Return on Equity or ROE is a test of how effectively a company is growing its value and managing investors’ money. In other words, it is a profitability ratio which measures the rate of return on the capital provided by the company's shareholders.

View our latest analysis for Oxiquim

How Is ROE Calculated?

Return on equity can be calculated by using the formula:

Return on Equity = Net Profit (from continuing operations) ÷ Shareholders' Equity

So, based on the above formula, the ROE for Oxiquim is:

20% = CL$17b ÷ CL$83b (Based on the trailing twelve months to September 2020).

The 'return' is the amount earned after tax over the last twelve months. That means that for every CLP1 worth of shareholders' equity, the company generated CLP0.20 in profit.

What Has ROE Got To Do With Earnings Growth?

So far, we've learned that ROE is a measure of a company's profitability. We now need to evaluate how much profit the company reinvests or "retains" for future growth which then gives us an idea about the growth potential of the company. Generally speaking, other things being equal, firms with a high return on equity and profit retention, have a higher growth rate than firms that don’t share these attributes.

A Side By Side comparison of Oxiquim's Earnings Growth And 20% ROE

At first glance, Oxiquim seems to have a decent ROE. On comparing with the average industry ROE of 9.9% the company's ROE looks pretty remarkable. Yet, Oxiquim has posted measly growth of 3.3% over the past five years. This is generally not the case as when a company has a high rate of return it should usually also have a high earnings growth rate. Such a scenario is likely to take place when a company pays out a huge portion of its earnings as dividends, or is faced with competitive pressures.

We then compared Oxiquim's net income growth with the industry and found that the company's growth figure is lower than the average industry growth rate of 8.4% in the same period, which is a bit concerning.

past-earnings-growth
SNSE:OXIQUIM Past Earnings Growth March 11th 2021

The basis for attaching value to a company is, to a great extent, tied to its earnings growth.
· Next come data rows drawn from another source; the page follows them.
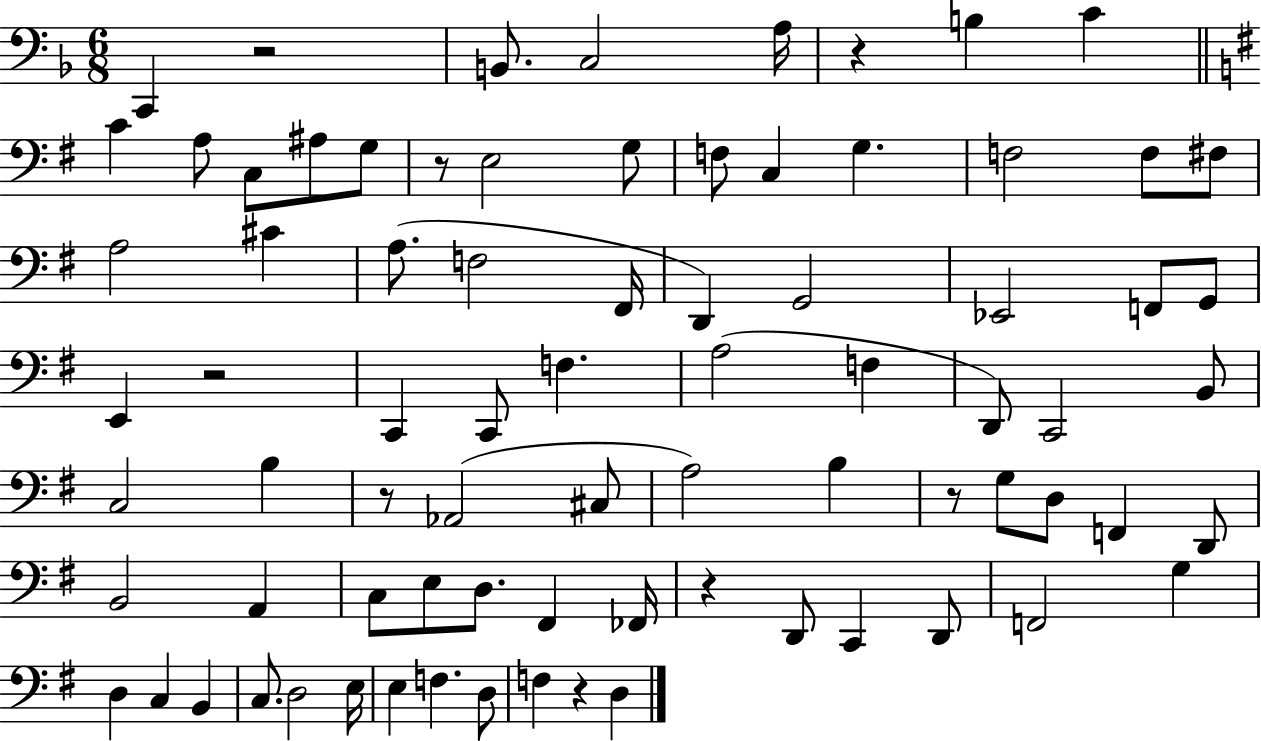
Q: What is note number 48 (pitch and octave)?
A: D2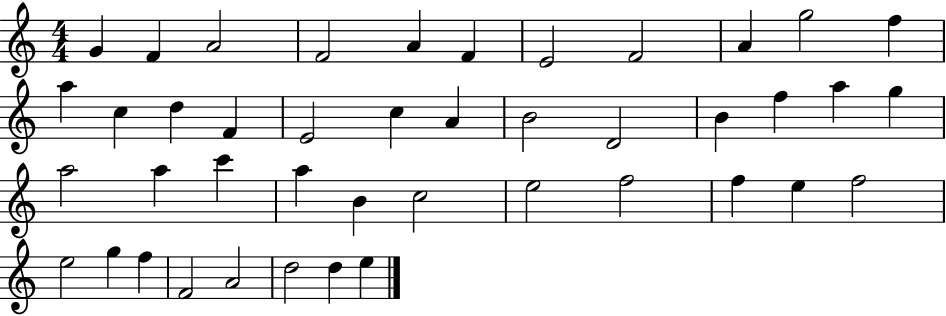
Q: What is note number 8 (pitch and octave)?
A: F4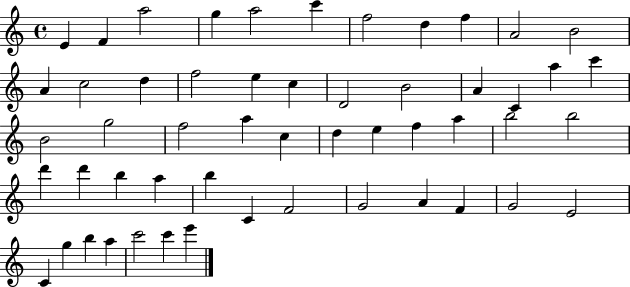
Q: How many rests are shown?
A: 0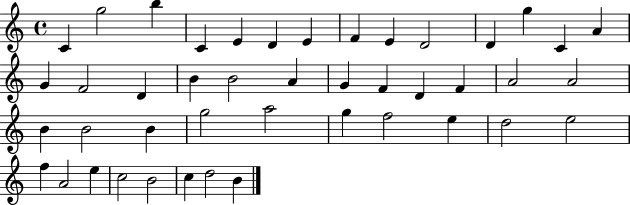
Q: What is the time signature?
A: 4/4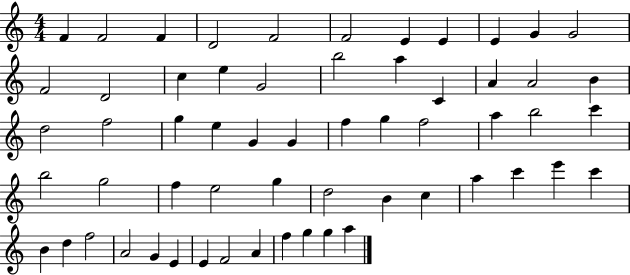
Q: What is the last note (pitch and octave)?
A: A5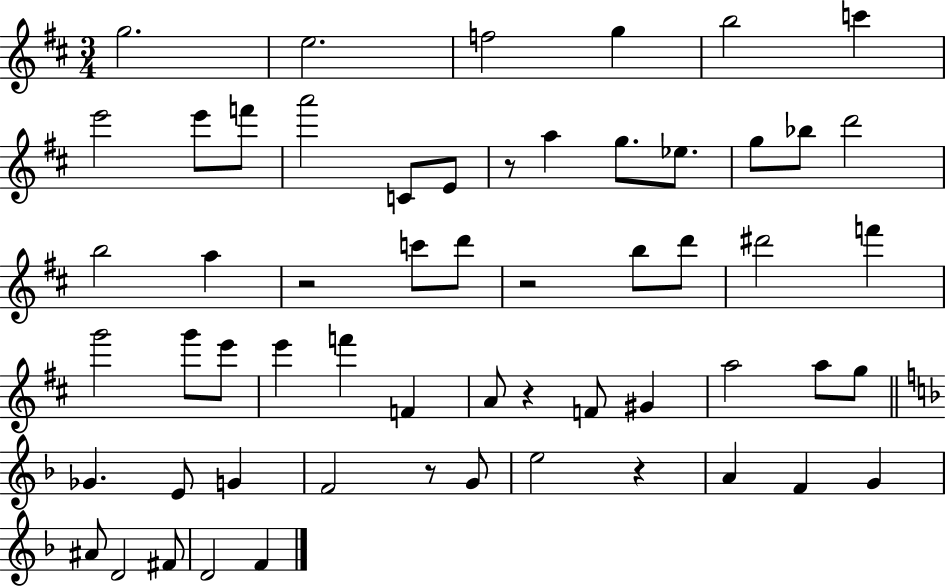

The investor should try to establish if the expected growth or decline in earnings, whichever the case may be, is priced in. This then helps them determine if the stock is placed for a bright or bleak future. If you're wondering about Oxiquim's's valuation, check out this gauge of its price-to-earnings ratio, as compared to its industry.

Is Oxiquim Efficiently Re-investing Its Profits?

The high three-year median payout ratio of 63% (that is, the company retains only 37% of its income) over the past three years for Oxiquim suggests that the company's earnings growth was lower as a result of paying out a majority of its earnings.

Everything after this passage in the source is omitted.